Exercise directions:
Please restate the data exactly, from the first line to the last.

Material supplied:
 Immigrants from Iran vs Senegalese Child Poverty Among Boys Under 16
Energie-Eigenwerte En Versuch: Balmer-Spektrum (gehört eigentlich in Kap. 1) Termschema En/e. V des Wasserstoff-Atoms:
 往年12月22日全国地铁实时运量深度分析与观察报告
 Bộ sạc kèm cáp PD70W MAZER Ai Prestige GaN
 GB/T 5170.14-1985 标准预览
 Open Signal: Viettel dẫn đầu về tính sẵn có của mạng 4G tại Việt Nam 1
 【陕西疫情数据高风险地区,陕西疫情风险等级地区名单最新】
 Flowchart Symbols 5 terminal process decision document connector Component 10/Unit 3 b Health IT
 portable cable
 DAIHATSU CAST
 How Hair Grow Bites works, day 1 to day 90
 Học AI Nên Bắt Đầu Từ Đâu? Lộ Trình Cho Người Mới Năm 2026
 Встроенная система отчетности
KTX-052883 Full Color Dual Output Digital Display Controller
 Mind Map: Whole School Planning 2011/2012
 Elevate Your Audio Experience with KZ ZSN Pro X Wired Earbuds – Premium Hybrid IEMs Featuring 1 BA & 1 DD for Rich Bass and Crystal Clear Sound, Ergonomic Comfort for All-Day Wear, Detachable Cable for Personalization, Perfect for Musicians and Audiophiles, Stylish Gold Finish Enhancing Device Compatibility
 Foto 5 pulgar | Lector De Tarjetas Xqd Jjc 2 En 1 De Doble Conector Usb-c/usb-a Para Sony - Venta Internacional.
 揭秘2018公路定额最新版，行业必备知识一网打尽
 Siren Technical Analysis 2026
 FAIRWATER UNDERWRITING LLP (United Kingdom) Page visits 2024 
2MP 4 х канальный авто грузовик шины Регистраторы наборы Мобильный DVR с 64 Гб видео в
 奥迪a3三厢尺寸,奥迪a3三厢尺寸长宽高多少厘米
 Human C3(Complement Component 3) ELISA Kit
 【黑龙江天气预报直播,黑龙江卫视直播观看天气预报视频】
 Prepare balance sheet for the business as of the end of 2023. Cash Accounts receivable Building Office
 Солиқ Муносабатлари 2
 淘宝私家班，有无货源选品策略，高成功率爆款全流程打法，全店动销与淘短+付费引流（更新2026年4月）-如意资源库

Exercise response:
 Immigrants from Iran vs Senegalese Child Poverty Among Boys Under 16
Energie-Eigenwerte En Versuch: Balmer-Spektrum (gehört eigentlich in Kap. 1) Termschema En/e. V des Wasserstoff-Atoms:
 往年12月22日全国地铁实时运量深度分析与观察报告
 Bộ sạc kèm cáp PD70W MAZER Ai Prestige GaN
 GB/T 5170.14-1985 标准预览
 Open Signal: Viettel dẫn đầu về tính sẵn có của mạng 4G tại Việt Nam 1
 【陕西疫情数据高风险地区,陕西疫情风险等级地区名单最新】
 Flowchart Symbols 5 terminal process decision document connector Component 10/Unit 3 b Health IT
 portable cable
 DAIHATSU CAST
 How Hair Grow Bites works, day 1 to day 90
 Học AI Nên Bắt Đầu Từ Đâu? Lộ Trình Cho Người Mới Năm 2026
 Встроенная система отчетности
KTX-052883 Full Color Dual Output Digital Display Controller
 Mind Map: Whole School Planning 2011/2012
 Elevate Your Audio Experience with KZ ZSN Pro X Wired Earbuds – Premium Hybrid IEMs Featuring 1 BA & 1 DD for Rich Bass and Crystal Clear Sound, Ergonomic Comfort for All-Day Wear, Detachable Cable for Personalization, Perfect for Musicians and Audiophiles, Stylish Gold Finish Enhancing Device Compatibility
 Foto 5 pulgar | Lector De Tarjetas Xqd Jjc 2 En 1 De Doble Conector Usb-c/usb-a Para Sony - Venta Internacional.
 揭秘2018公路定额最新版，行业必备知识一网打尽
 Siren Technical Analysis 2026
 FAIRWATER UNDERWRITING LLP (United Kingdom) Page visits 2024 
2MP 4 х канальный авто грузовик шины Регистраторы наборы Мобильный DVR с 64 Гб видео в
 奥迪a3三厢尺寸,奥迪a3三厢尺寸长宽高多少厘米
 Human C3(Complement Component 3) ELISA Kit
 【黑龙江天气预报直播,黑龙江卫视直播观看天气预报视频】
 Prepare balance sheet for the business as of the end of 2023. Cash Accounts receivable Building Office
 Солиқ Муносабатлари 2
 淘宝私家班，有无货源选品策略，高成功率爆款全流程打法，全店动销与淘短+付费引流（更新2026年4月）-如意资源库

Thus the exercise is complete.